まず触れておきたいのは世界観。王道の中世ヨーロッパ的な世界でしたが、作りこまれた街並みや生活風景がすごくリアル。アニメの楽しさは、作品世界にどのくらい浸ることができるかっていう部分もあると思ってて、特に自分はその傾向が強いかも。そんなわけで、世界観が作りこまれてる作品ってのはそれだけで好きなんですよね。日常生活の部分だけでなく、セシリーのいる独立交易都市やお隣の帝国などといった外側の世界についても色々と考えられているようで、重厚なファンタジーの雰囲気を感じさせます。

そして面白いのが、ラスボスとも言える魔王・ヴァルバニルの存在。封印が解かれれば世界に大きな災厄をもたらし、各国の首脳が集まって会議をしなければならないほどの脅威でありながら、その力は精霊信仰(祈祷契約)という形で日常に根ざしている。

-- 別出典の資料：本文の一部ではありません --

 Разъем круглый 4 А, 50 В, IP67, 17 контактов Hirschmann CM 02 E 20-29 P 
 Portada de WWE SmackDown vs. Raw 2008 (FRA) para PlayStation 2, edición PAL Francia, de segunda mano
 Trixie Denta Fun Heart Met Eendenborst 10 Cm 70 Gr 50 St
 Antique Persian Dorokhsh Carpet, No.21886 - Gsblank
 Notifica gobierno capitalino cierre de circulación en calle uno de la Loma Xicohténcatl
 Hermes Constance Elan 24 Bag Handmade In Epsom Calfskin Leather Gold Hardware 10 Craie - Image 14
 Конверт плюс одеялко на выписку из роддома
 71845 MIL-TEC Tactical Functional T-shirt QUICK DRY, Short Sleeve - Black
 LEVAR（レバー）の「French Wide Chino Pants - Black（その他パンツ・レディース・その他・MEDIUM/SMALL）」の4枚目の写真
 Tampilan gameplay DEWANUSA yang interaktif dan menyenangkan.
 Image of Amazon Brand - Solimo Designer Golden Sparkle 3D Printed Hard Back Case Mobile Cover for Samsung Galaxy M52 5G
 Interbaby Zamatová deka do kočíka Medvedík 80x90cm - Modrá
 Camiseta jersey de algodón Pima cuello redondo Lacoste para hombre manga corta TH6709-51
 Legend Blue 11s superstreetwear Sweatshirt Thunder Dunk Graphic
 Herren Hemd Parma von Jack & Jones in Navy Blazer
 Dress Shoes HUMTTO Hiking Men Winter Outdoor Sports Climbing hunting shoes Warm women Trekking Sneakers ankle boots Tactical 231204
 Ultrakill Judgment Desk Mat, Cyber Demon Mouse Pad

「神を殺す」魔剣のアリアとか、リーザとヴァルバニルの融合体であるリサとか、キャラクターにもそういった矛盾が色濃く現れていました。特にリサの存在は異色で、ルークにとっては最愛の人と憎むべき宿敵がリサというひとつの体に存在しているという設定が、面白くもあり切ない部分でもあったなあ。

世界観の作り込みからは重厚なファンタジー色を感じるのですが、あくまでライトノベルとしての取っ付きやすさを考えてか、キャラクターの魅力で話を引っ張る構成になっていたのは嬉しいところ。ヒロインのセシリーがメチャメチャかわいかった・・・。どこへ行ってもいじられキャラになってしまう美味しいポジション、そしてたわわに実ったおっぱいの素晴らしさ。胸にぴったりフィットしたプレートは、絶対特注だろ!ということは、作るときはちゃんと正確にサイズを測らねば・・・とか変態的な想像をかきたてられますね!9話の私服(?)もかわいかったなー。

萌えキャラというだけでなく、この重厚な世界観に負けないくらいの真っ直ぐさが気持ちよくて、多少の強引な展開は許せてしまうほどでした。よく分からないけど、セシリーがそう言うんならそうなんだろう・・・的な(笑)。8話で開き直ったところの強さもそうだけど、特にリーザとシンクロした11話以降の怒涛の勢いはすごかった・・・。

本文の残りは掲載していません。